Loading...

This issue belongs to an archived project. You can view it, but you can't modify it. Learn more

XML

Word

Printable

Type: Bug
Resolution: Done
Priority: Major
Fix Version/s: 8.2.0.Beta1
Affects Version/s: 8.1.0.Final
Component/s: Core, Test Suite
Labels:
None

Git Pull Request:
https://github.com/infinispan/infinispan/pull/3962

When the last owner of a segment leaves the cache, the coordinator will update the consistent hash and replace that owner with numOwners owners (so that a segment always has at least 1 owner). If there is a rebalance in progress, it could be that both the current and the pending CH lost all the owners of a segment, and the coordinator will assign new owners in both CHs (not necessarily the same).
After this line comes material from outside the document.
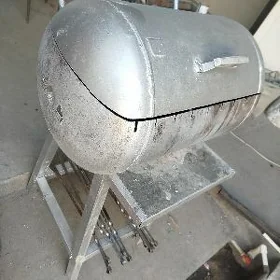 Mangal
Sometimes, this causes tests that create clusters with many nodes to spend a lot of time shutting down the cluster. Here's an example:

Cluster ABCDE, coordinator A, topology id = 0, currentCH = {0: CD, 1: BC}, pendingCH = null
D leaves
A broadcasts a REBALANCE_START command with topology id 1, members = ABCE, currentCH = {0: C, 1: BC}, pendingCH = {0: BC, 1: BC}
A and E confirm that they finished the rebalance
C leaves before sending the data for segment 0 to B
A broadcasts a CH_UPDATE command with topology id 2, members = ABE, currentCH = {0: AE, 1: B}, pendingCH = {0: B, 1: B}
A now owns segment 0 in the writeCH (which is the union of currentCH and pendingCH).
A tries to request segment 0 from the other owner in the currentCH, E
B confirms that it finished the rebalance
A broadcasts a new topology: topology id 3, currentCH = {0: B, 1: B}, pendingCH = null
E installs topology 3, and throws an IllegalArgumentException when handling A's request for segments
A is not able to install topology 3, because it requests the transactions data while holding the lock on the LocalCacheStatus
A receives the IllegalArgumentException from E and retries. But because it still has the old topology, it retries on E ad infinitum - using a lot of CPU in the process.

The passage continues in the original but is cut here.